Thursday 3 September 2015

Maha Aung Mye Bon Thar Pagoda in Pyin Oo Lwin



This Pagoda is located in the downtown area of Pyin Oo Lwin, just south of the main market, and near some of the town’s historic sites. It is therefore a favorite for local residents, and its spacious compound and numerous structures also provide a welcome refuge for any yogi passing through to make use of the site for practice. On the Mandalay-Lashio road, heading towards Lashio, it is on the right side just before the main intersection with Zeiygo Road.

According to Lonely Planet, never a particularly careful or sensitive arbiter of social customs, it also “insists on broadcasting Buddhist lectures through its loudspeakers just in case you weren’t already awake” in the mornings; although likely this was just the complaint of a travel writer who stayed up too late and didn’t take the time to understand the common Buddhist practice of reciting suttas at pagodas. 
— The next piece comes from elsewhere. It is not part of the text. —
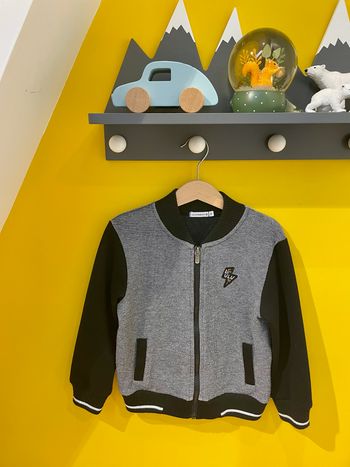 Veste gilet zippé teddy baseball gris et noir Lulu Castagnette 5 ans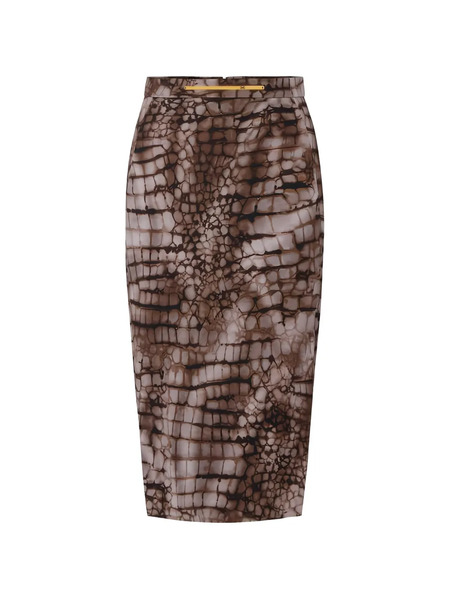  Elisabetta Franchi Alligator-patterned Midi Skirt - Brown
A wiser discussion on the Burmese practice of disseminating Buddhist suttas comes from 
Paññobhāsa Bhikkhu, an American forest monk who has lived here for almost two decads. He writes:

"Anyone who has spent much time in Burma will be familiar with the Patthan pweh, or Paṭṭhāna festival—an event in which monks recite Paṭṭhāna, the last portion of the Abhidhamma Piṭaka, over loudspeakers, in relay, sometimes around the clock for several days in succession. To a Westerner who appreciates peace and quiet they are little more than an affliction, but the Burmese love and esteem them. I have often considered that it would be more to the people's benefit to recite something they would actually understand, like a Burmese translation of the Dhammapada; as even most of the monks who chant Paṭṭhāna in Pali don't really understand it. It is considered to be 'unreadable' as a literary document, even to those who know Pali... The reason for these very loud chanting festivals is that, according to the commentarial tradition, the last book of the last section of the Canon (i.e., Paṭṭhāna), will be the first portion of the Tipitaka to disappear from this world, in accordance with the inexorable effects of impermanence. So by repeating these practically incomprehensible texts the monks are doing their best to keep Buddhism from disappearing from the earth. However—while Burmese monks revere and preserve Abhidhamma, the other two sections, Vinaya and the Suttas, are studied but not practiced all that much, allowing the disappearance to occur from first to last."